Like you said, the film is not explicitly political. There are lots of films that are snapshots of political moments, and I have profound respect for them, but this project was not that. The core of this film was the ecological, about the human-animal relationship. To me, the problems the brothers were facing symptomized a broader kind of ecological malaise.
However, in the last few years, the city of Delhi has witnessed a large degree of social turbulence and unrest in the streets. In a way, my main challenge as a filmmaker was to be disciplined enough to keep my gaze trained on the brothers alone, even though there was such turmoil outside. Eventually, we arrived on this idea of the "leak": Every time a character goes to the balcony, you hear audio of the chaos happening on the street. Essentially, the social world and all the unrest outside leak in, up to the point where its ominous potential becomes clear.

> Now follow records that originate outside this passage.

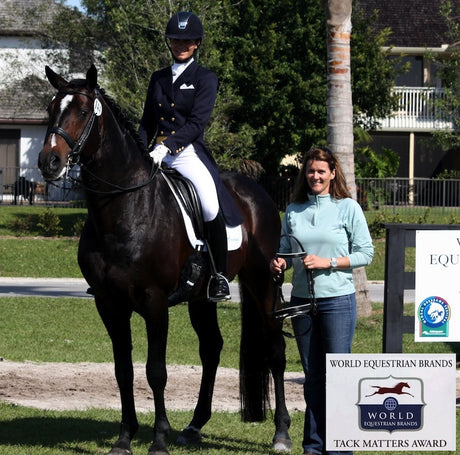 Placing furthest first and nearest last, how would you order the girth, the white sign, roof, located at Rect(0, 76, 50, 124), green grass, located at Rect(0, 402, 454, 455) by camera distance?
roof, located at Rect(0, 76, 50, 124)
the white sign
the girth
green grass, located at Rect(0, 402, 454, 455)

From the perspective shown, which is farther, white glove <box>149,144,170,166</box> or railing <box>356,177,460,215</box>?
railing <box>356,177,460,215</box>

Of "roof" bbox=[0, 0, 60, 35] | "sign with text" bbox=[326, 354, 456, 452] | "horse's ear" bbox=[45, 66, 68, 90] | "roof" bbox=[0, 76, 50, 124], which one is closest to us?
"sign with text" bbox=[326, 354, 456, 452]

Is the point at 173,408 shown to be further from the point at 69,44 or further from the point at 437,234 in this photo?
the point at 69,44

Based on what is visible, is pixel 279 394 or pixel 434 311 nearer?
pixel 279 394

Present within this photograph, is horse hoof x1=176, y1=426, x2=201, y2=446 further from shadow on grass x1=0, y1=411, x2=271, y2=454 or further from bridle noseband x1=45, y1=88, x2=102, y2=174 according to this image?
Result: bridle noseband x1=45, y1=88, x2=102, y2=174

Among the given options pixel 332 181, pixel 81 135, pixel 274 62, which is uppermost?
pixel 274 62

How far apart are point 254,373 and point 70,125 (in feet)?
9.04

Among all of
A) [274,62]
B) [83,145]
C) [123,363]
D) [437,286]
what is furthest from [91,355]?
[274,62]

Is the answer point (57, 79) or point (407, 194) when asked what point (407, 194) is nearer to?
point (407, 194)

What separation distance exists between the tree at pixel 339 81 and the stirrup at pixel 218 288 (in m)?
8.32

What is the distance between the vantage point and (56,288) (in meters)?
21.5

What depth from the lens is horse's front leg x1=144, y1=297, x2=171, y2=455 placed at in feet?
24.5

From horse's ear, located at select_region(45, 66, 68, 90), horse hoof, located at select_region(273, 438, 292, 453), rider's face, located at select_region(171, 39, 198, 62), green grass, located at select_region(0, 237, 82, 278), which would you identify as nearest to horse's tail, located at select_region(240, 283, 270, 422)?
horse hoof, located at select_region(273, 438, 292, 453)

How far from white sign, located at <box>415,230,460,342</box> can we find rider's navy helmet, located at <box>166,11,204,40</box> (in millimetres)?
2419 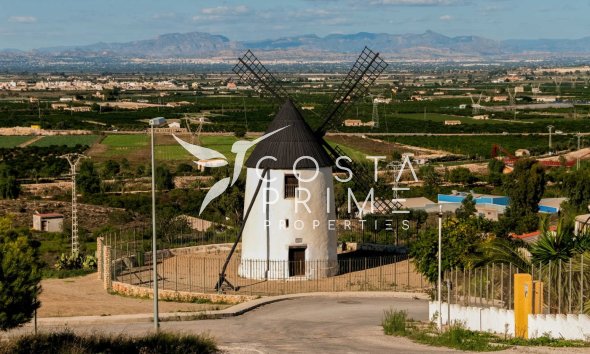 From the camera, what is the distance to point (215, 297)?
26.7m

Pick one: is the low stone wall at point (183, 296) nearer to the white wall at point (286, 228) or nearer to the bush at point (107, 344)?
the white wall at point (286, 228)

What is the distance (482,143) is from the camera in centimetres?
9919

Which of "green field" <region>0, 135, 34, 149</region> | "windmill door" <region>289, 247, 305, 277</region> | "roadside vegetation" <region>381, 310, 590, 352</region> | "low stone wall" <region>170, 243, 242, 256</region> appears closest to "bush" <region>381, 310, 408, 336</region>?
"roadside vegetation" <region>381, 310, 590, 352</region>

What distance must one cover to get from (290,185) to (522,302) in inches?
428

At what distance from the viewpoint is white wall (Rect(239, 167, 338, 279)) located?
94.2 feet

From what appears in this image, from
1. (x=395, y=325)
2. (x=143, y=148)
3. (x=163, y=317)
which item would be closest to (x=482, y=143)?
(x=143, y=148)

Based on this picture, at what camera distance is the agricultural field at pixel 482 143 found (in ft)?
302

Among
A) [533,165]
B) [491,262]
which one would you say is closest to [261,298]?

How did you think about what All That Breathes would look like?
Well, the grammar of the film developed over time. So, the main pillar was the human story of the brothers, and we knew the film language for that would be the classic observational style. Apart from that, we wanted to find a form that would indicate the coexistence of various kinds of nonhuman life in the city. We had a German cinematographer called Ben Bernhard, and with him we developed this language of cinematic reveal: slow, languid pans; focus shifts. As the city goes on in all its everyday bustle, we started to scan landscapes and find nonhuman life in them.
Could you talk a little bit about your first film, also set in Delhi, Cities of Sleep?
Cities of Sleep essentially looks at the city of Delhi through the lens of sleep. It follows one “sleep community” of homeless people and a renegade homeless sleeper who shuttles from place to place across various nights. It's an investigation of the city at night, through sleep, which is viewed as a profoundly political sphere wherein different kinds of power get exercised. To put it another way, Cities of Sleep sees Delhi through sleep, along a horizontal axis, and All That Breathes looks at Delhi through the lens of birds, along a vertical axis.
You're from Delhi. Is it important to you that the city plays a role in your films?
It's not important in the sense of it being a manifesto. But the directorial team and I are mostly from Delhi, and we're all very embedded in the vernacular cultures. Like most megapolises, when you enter the city through a specific lens, it really disassembles itself in unexpected ways. So, I wouldn't say that I'm a “Delhi filmmaker,” but the city is definitely an integral part of both my films and of how I approach things. I think it's also a very particular city, not just sociopolitically but also climate-wise; it staggers your senses. And before you know it, things gather momentum because so much is happening. I'm sure this is true of many other cities, but there seems to be something specific to Delhi, especially given that it is at the intersection of a climate emergency and, in recent times, a volatile sociopolitical moment.